While cyber threats become more commonplace, sophisticated and damaging for financial institutions, one type of threat that has remained pervasive is the denial-of-service attack, or DoS. DoS is a cyber event where an attacker seeks to prevent legitimate users from accessing computer systems, devices or other online resources. The perpetrator floods the victim’s machine or network with false requests to overload the system and prevent legitimate access.
Cybercriminals have taken this form of attack to the next level with Distributed Denial of Service (DDoS) attacks which, while similar to a DoS attack, differs in that the incoming requests or traffic come from more than one source – something that makes it extremely difficult to stop.

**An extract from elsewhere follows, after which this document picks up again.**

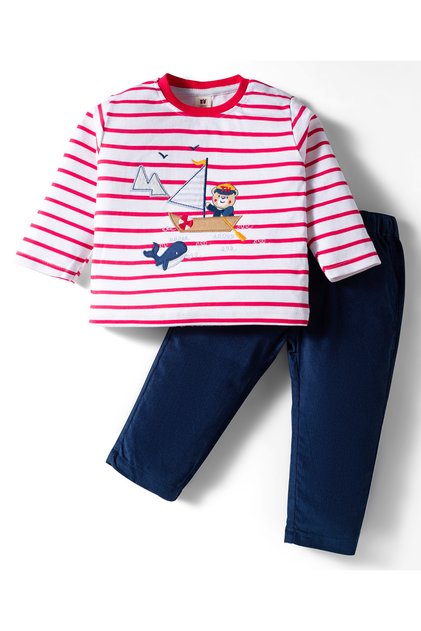 Interlock Woven Full Sleeve Striped T-Shirt & Lounge Pant Set Nautical Embroidery-Red & Navy Blue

To better understand the nature of a DDOS attack, consider the analogy of a supermarket. If you are a shopper and only have two or three items, you can usually go through the check-out line quickly. However, if the store only has one register open and there are several people in front of you with baskets full of groceries, they are essentially denying you service to that cash register due to the amount of items that must be processed. If that same store has multiple check-out lines open, and they all have long lines, you are being blocked access to the cash register from multiple sources.
How DDoS Works
To execute a DDoS attack, an attacker sends malicious software to vulnerable devices, often through infected emails, attachments, websites and even social media, creating an entire network of infected machines and devices called botnets. The attacker can then control the botnets remotely and send an influx of traffic to flood the network or target by sending huge amounts of random data or connection requests. The infected devices will show no signs of attack and will continue to function normally, but will have the occasional sluggish response due to the lack of available bandwidth.
The scale and sophistication of DDoS attacks has increased considerably over the years. In fact, according to a report from Verisign, one third of all downtime incidents have been attributed to DDoS attacks. Attackers often hold the organization’s website or device for ransom, performing a small example of the attack to show the victim what will happen if the ransom is not paid.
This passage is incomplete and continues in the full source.